* [What to produce]:
Word-for-word repetition of the records below is needed, but only from the line holding "ÜNLÜ RAPÇİ LVBEL" through the final line, with pictures excluded.

Items from a dataset
==*==

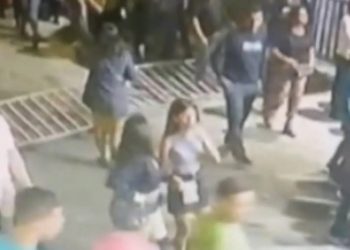 Multidão derruba portões do Parque do Povo, em Campina Grande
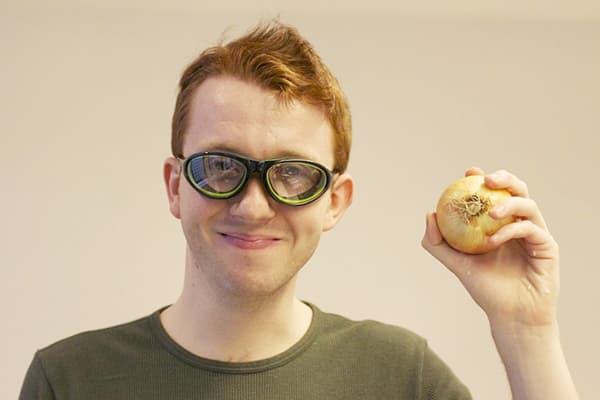 Joven con una cebolla y gafas de natación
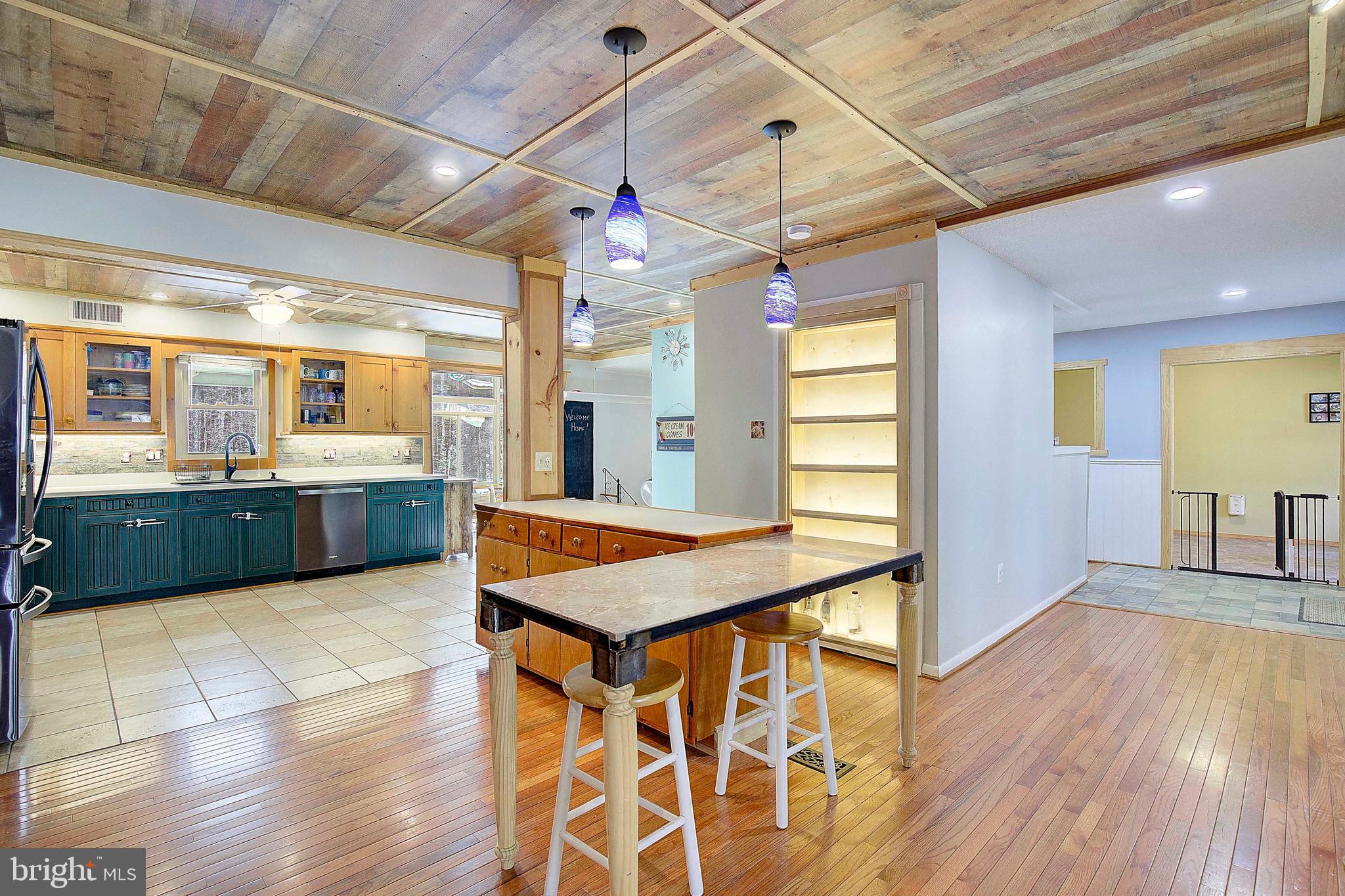 WOODLAND ACRES - Residential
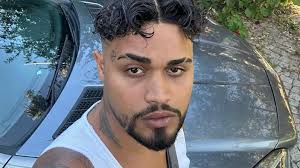 ÜNLÜ RAPÇİ LVBEL C5, TUTUKLULUKTAN SONRA SERBEST BIRAKILDI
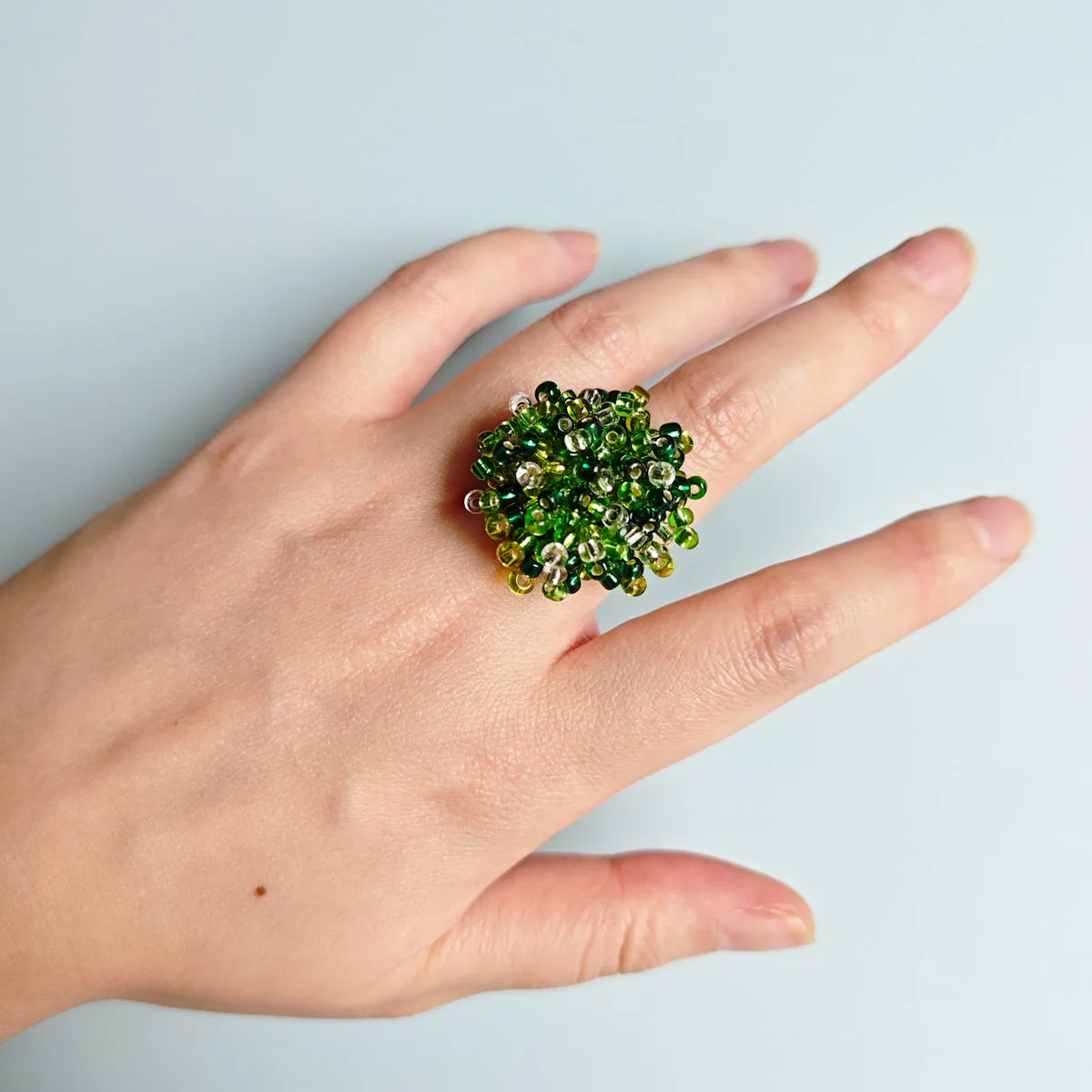 

Горячая новинка, винтажные Разноцветные Подвески, бусины, большое регулируемое кольцо для женщин, модные ювелирные изделия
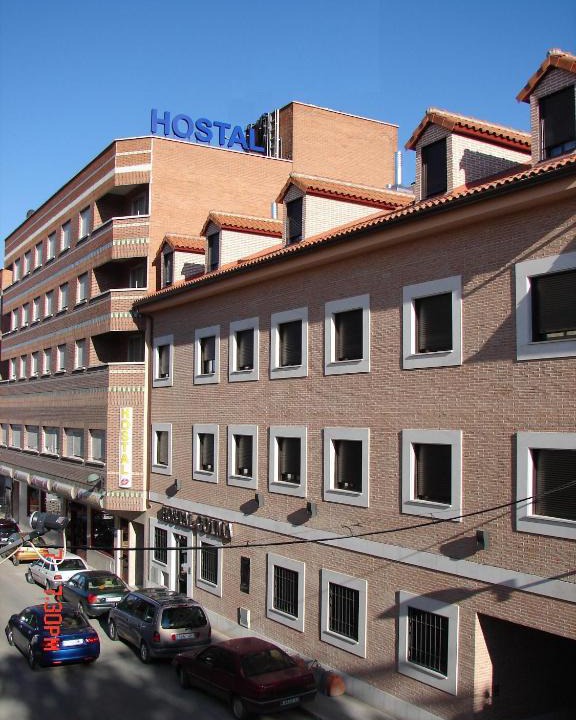 San Fernando de Henares House | Hostal Goyma III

==*==

* [Exercise output]:
 ÜNLÜ RAPÇİ LVBEL C5, TUTUKLULUKTAN SONRA SERBEST BIRAKILDI

Горячая новинка, винтажные Разноцветные Подвески, бусины, большое регулируемое кольцо для женщин, модные ювелирные изделия
 San Fernando de Henares House | Hostal Goyma III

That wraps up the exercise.